(Recorded data begins)

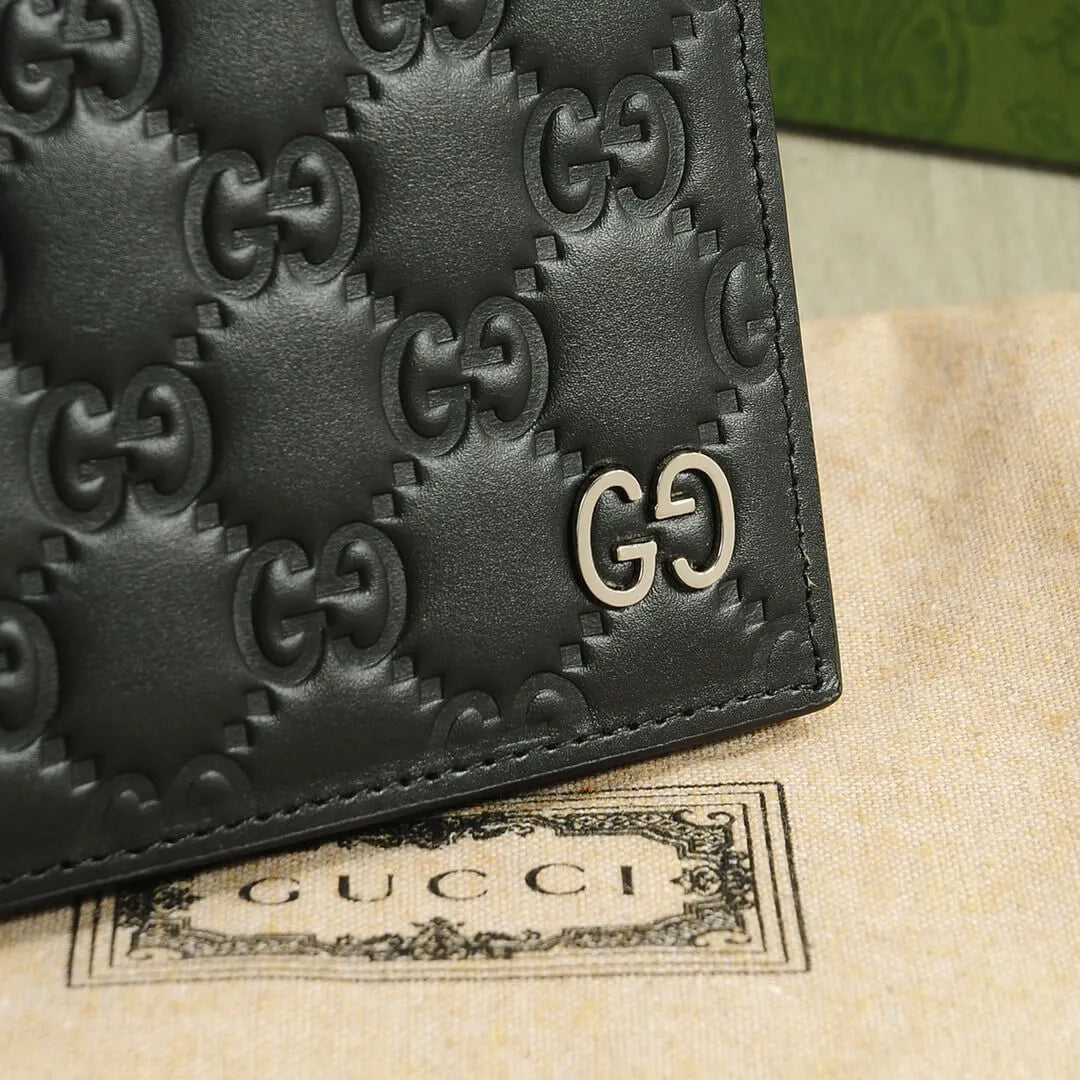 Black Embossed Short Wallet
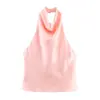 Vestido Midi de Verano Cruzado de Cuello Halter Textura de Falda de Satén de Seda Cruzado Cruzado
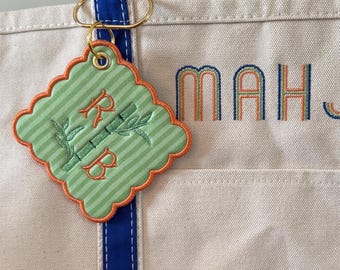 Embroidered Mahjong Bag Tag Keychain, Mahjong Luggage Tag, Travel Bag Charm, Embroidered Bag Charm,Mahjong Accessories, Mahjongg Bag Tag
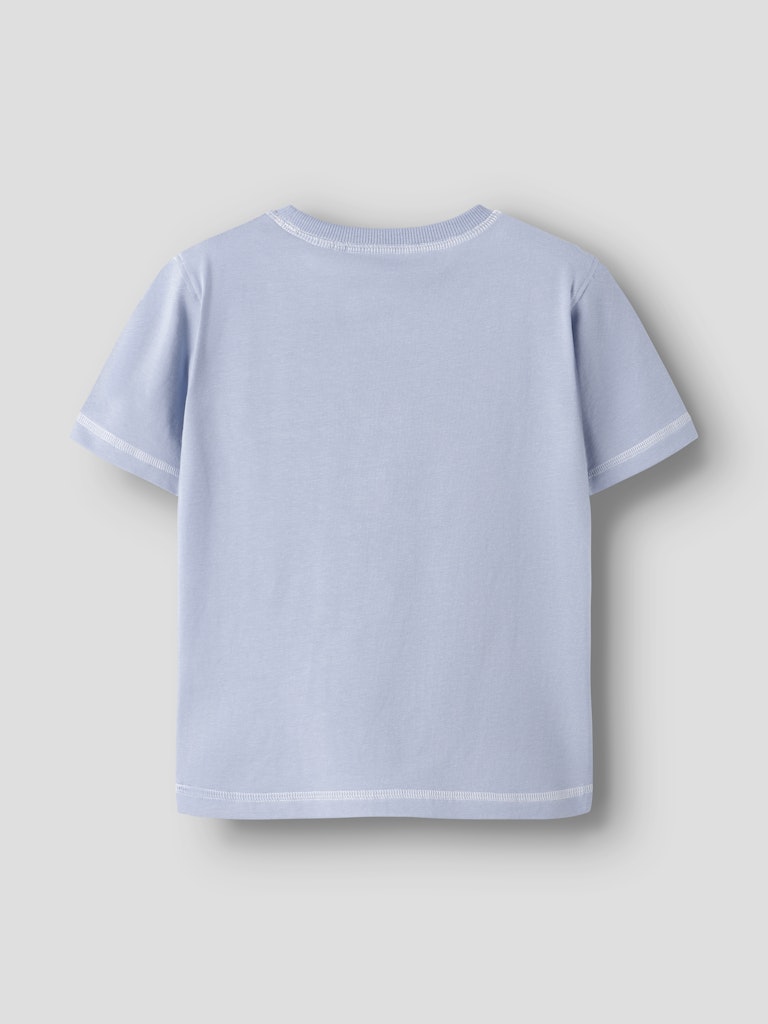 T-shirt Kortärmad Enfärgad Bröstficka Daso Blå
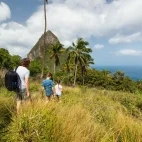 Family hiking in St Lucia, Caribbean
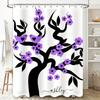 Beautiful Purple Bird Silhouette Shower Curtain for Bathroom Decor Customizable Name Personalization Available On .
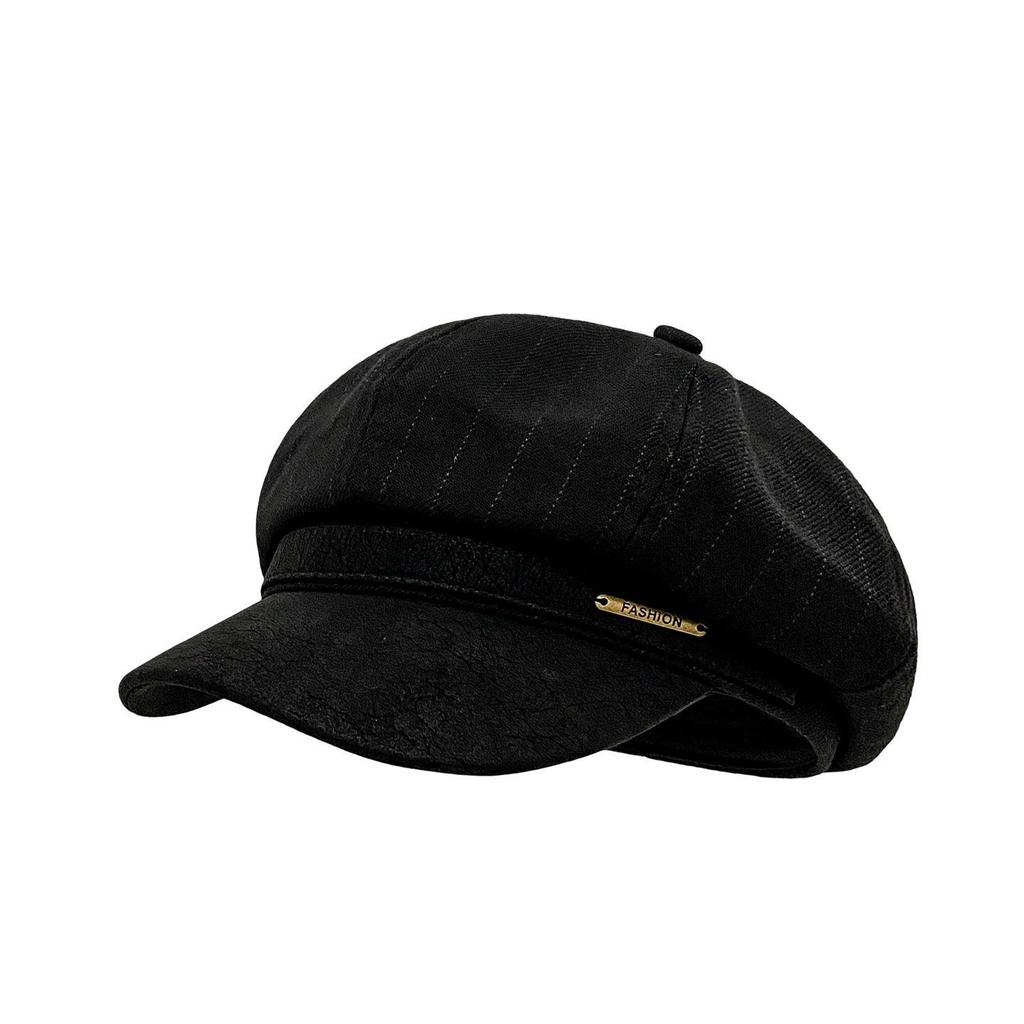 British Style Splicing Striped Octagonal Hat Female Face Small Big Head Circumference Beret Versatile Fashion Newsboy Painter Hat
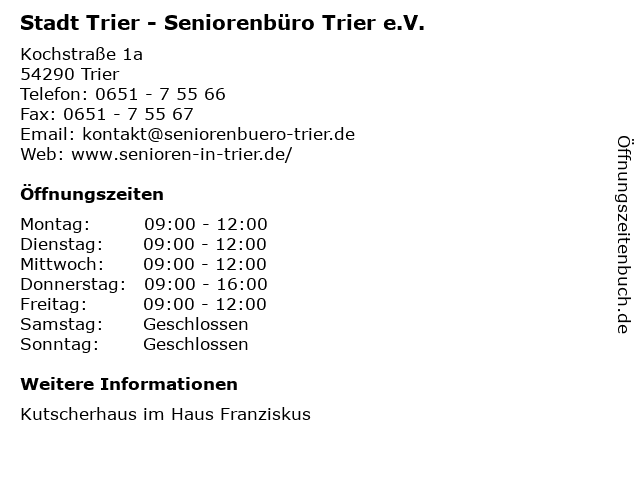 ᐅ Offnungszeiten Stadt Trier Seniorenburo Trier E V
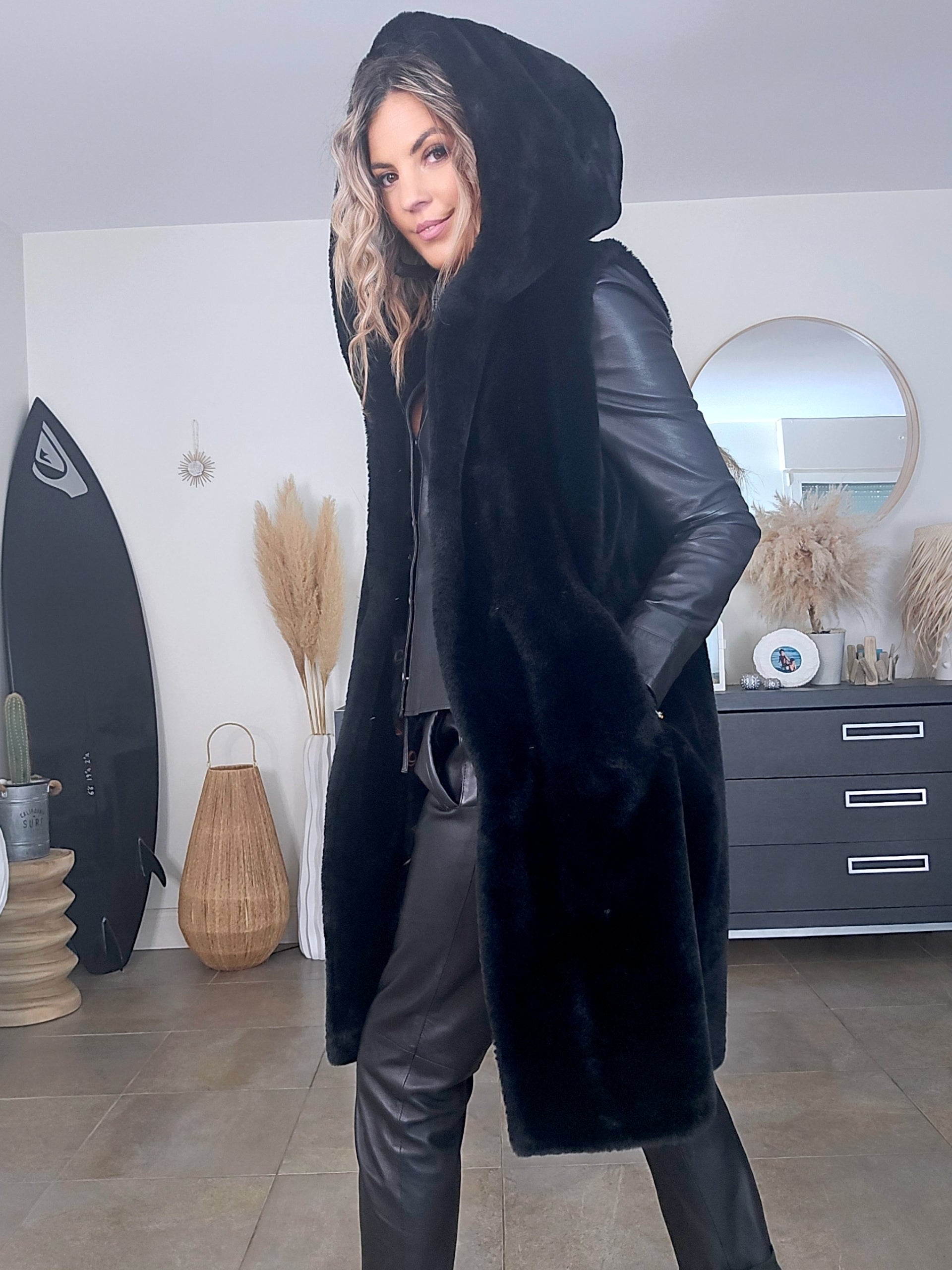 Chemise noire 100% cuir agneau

(Recorded data ends)
(Recorded data begins)

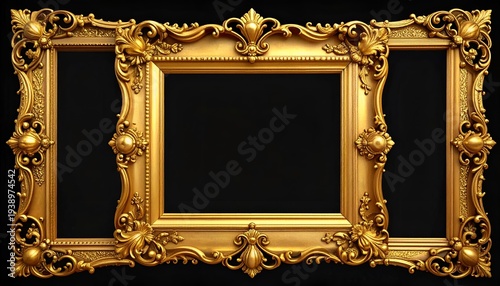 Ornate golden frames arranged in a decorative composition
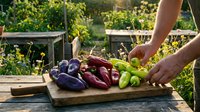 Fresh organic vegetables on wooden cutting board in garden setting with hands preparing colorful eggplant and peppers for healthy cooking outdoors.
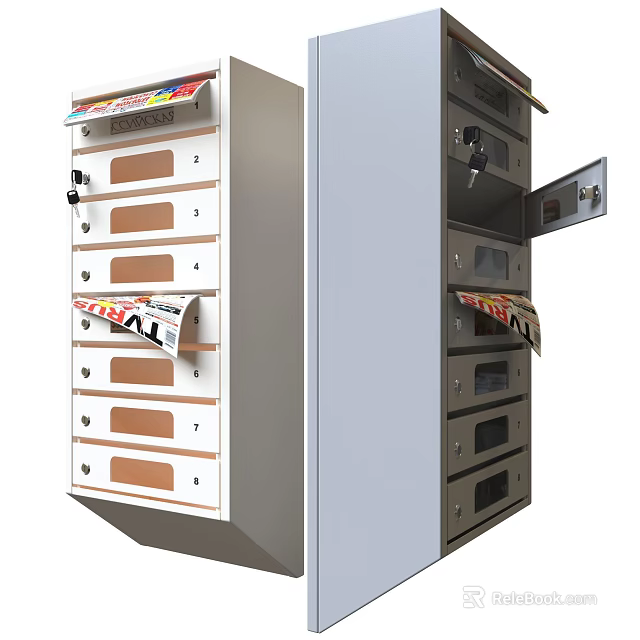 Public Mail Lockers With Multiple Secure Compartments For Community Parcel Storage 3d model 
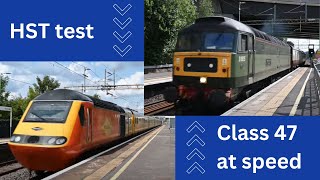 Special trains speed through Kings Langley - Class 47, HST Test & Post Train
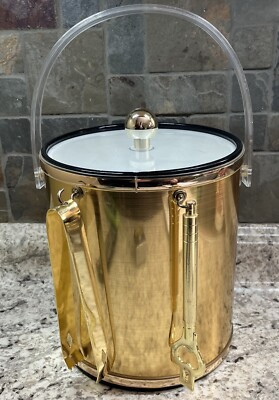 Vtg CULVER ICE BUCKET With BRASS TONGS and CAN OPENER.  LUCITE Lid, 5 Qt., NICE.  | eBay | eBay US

(Recorded data ends)

Exercise instructions :: In the entries above, find the line that contains "Black Embossed Short Wallet" and the line that contains "Chemise noire 100% cuir agneau". Reproduce exactly those two lines and every line between them, but not the pictures.

Response below ::
 Black Embossed Short Wallet
 Vestido Midi de Verano Cruzado de Cuello Halter Textura de Falda de Satén de Seda Cruzado Cruzado
 Embroidered Mahjong Bag Tag Keychain, Mahjong Luggage Tag, Travel Bag Charm, Embroidered Bag Charm,Mahjong Accessories, Mahjongg Bag Tag
 T-shirt Kortärmad Enfärgad Bröstficka Daso Blå
 Family hiking in St Lucia, Caribbean
 Beautiful Purple Bird Silhouette Shower Curtain for Bathroom Decor Customizable Name Personalization Available On .
 British Style Splicing Striped Octagonal Hat Female Face Small Big Head Circumference Beret Versatile Fashion Newsboy Painter Hat
 ᐅ Offnungszeiten Stadt Trier Seniorenburo Trier E V
 Chemise noire 100% cuir agneau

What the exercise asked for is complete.